Genesis 2:15-17; 3:1-7 Psalm 32 Romans 5:12-19 Matthew 4:1-11
There are two gardens in our stories today. Two gardens, one overarching story:
The first is full. Fruit hangs heavy. Water runs clear. God walks at dusk. Nothing is lacking. Humanity breathes air that still carries God’s breath. They are made in God’s image. Formed by God’s hands. Held in God’s presence. They are already beloved.
But they do not truly yet know it — not deep in their bones. Not in the place where fear lives.
And so a whisper enters. Did God really say…?
It is such a small sentence. But beneath it lies a deeper question: Are you sure God is for you? Are you sure you are safe? Are you sure you have enough? Are you sure you ARE enough?
And because belovedness is not yet trusted… the fruit becomes irresistible. Not because they are wicked. But because they are afraid. Afraid there is more they must secure. More they must become. So the hand reaches. Trying to grasp what they believe has been withheld. Trying to become like God… while already bearing God’s image.

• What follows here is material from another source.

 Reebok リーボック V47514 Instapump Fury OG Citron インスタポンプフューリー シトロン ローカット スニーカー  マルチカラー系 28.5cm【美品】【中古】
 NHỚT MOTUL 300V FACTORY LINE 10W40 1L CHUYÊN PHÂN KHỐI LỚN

That is the heartbreak of the first garden. Not that they were unloved. But that they did not trust that they were.
There is a second garden. A wilderness.
Stone. Dust. Silence.
Jesus has just come from the river. And the last words spoken over him are this:
Son. Beloved. Pleased.
Before he heals anyone. Before he proves anything. Before he performs a single miracle. Beloved. And the Spirit leads him into the desert. Not to test his strength…

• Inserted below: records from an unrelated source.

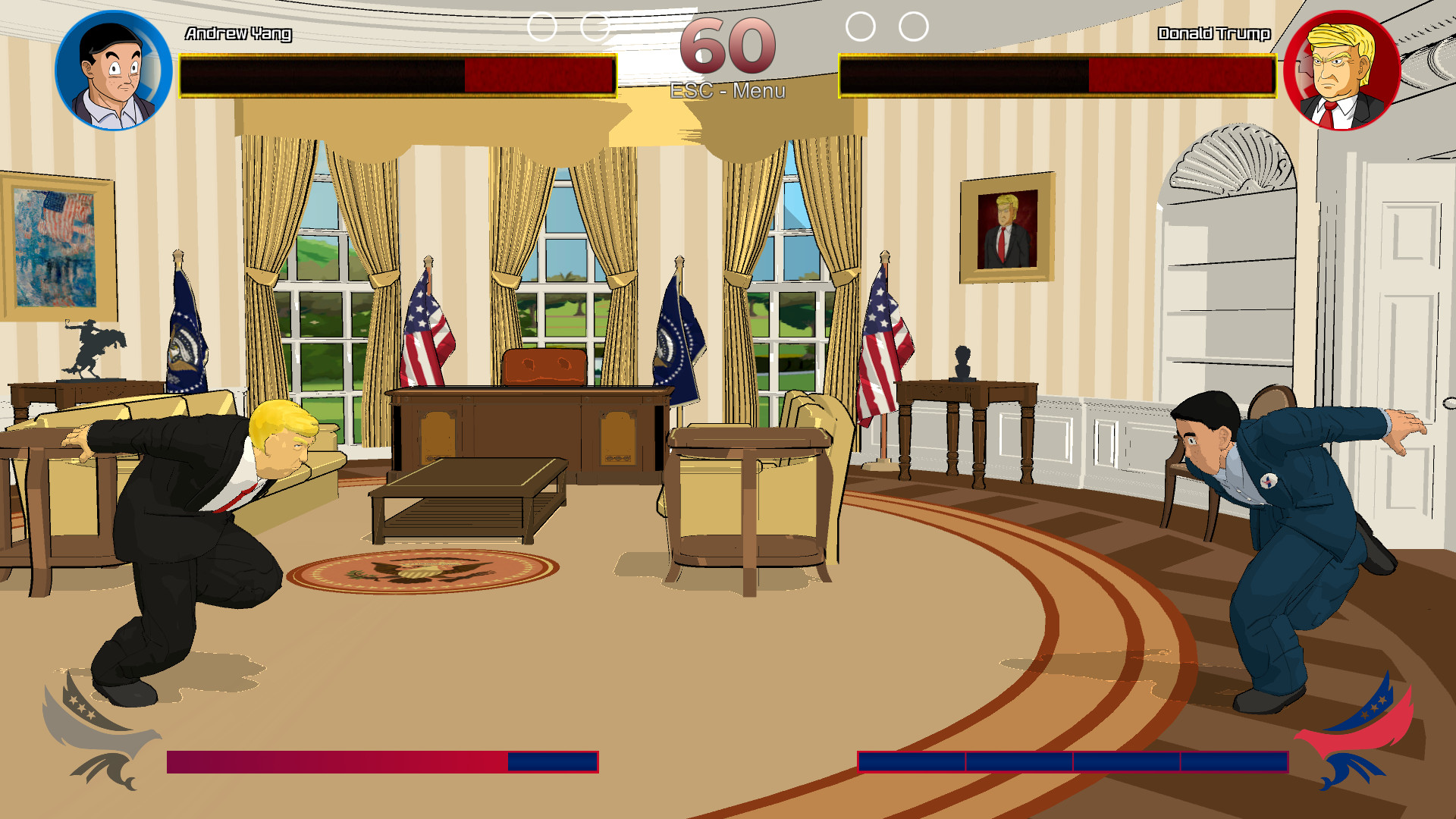Yang2020 Path To Presidency screenshot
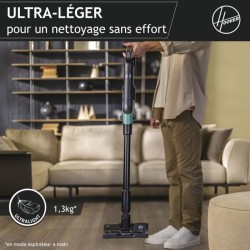 Aspirateur Balai sans Fil - HOOVER HF201P - Ultra-léger, Puissant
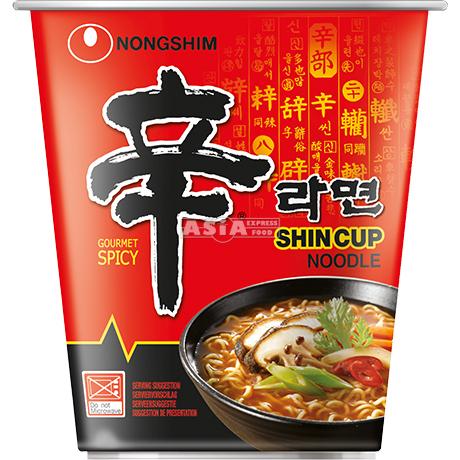 Instant Cup Nudeln Shin
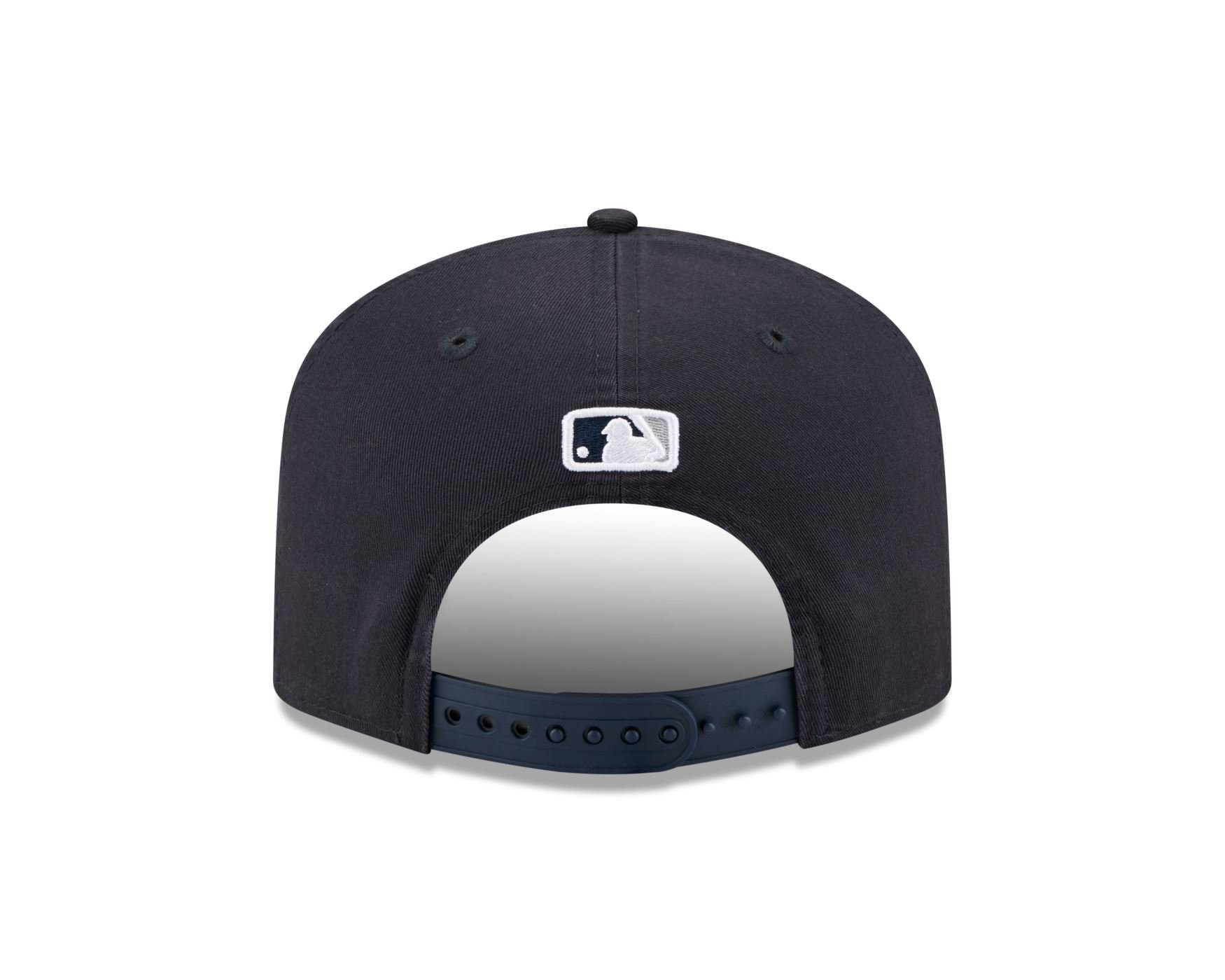 Bone New Era 19TWENTY New York Yankees Quickstrike 2025 Marinho Preto 5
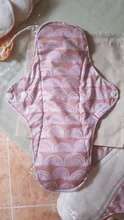 Hygiene-Pad Sanitary-Pad Menstrual-Cloth Regular-Flow Bamboo Reusable Mora Mona Feminine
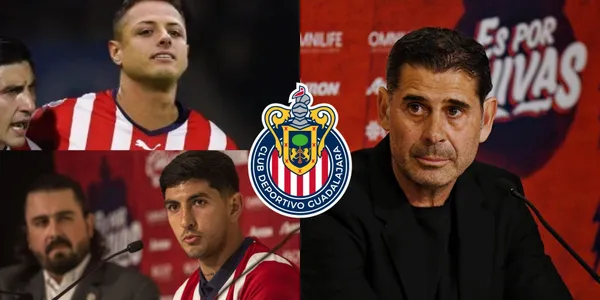 Aunque Víctor Guzmán pidió a Javier Hernández, Fernando Hierro le traería a un 9 diferente a Chivas.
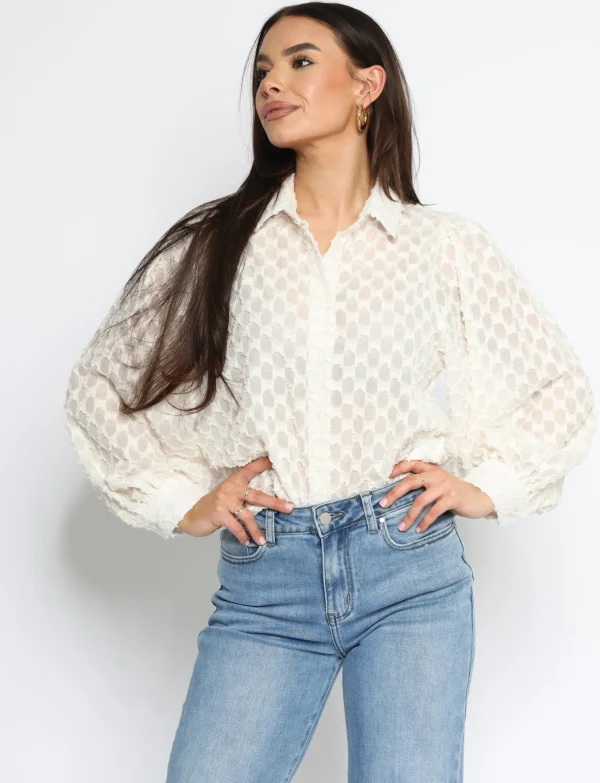 Blouse Dania Beige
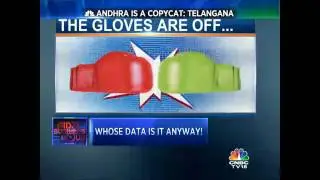 CNBC-TV18 Exclusive: Telangana Accuses AP Of 'Data Theft'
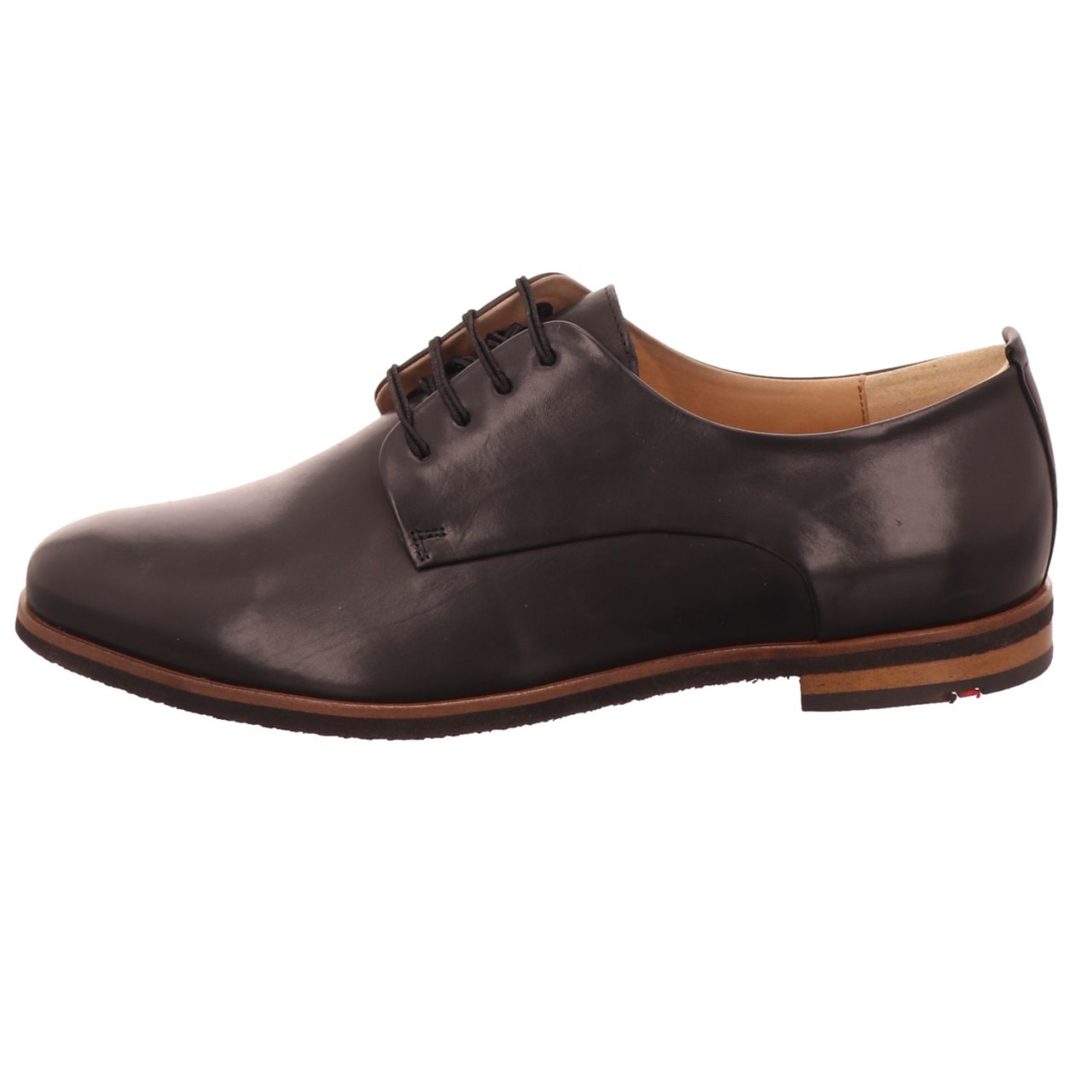 LLOYD Freizeit Schnürer schwarz Schnürhalbschuh, Schwarz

but to test his remembering.
Forty days of hunger. Real hunger. The kind that strips you back to instinct. And into that hunger comes the voice.
If you are the Son of God…
It is Eden again. The same ancient destabilising.
Are you sure? Are you certain of who you are? Are you enough?
Turn these stones into bread.
Secure yourself. Feed your fear. Don’t trust provision.
But this time…the hand does not reach. Hunger remains. But belovedness remains too. And it runs so much deeper, so foundational, so fundamental. Beloved as identity. Jesus does not grasp… because he trusts what has already been spoken.
Throw yourself down. The tempter recoils.
Prove it. Make belovedness visible.
But Jesus refuses. Because belovedness does not need performance. It is settled ground beneath him.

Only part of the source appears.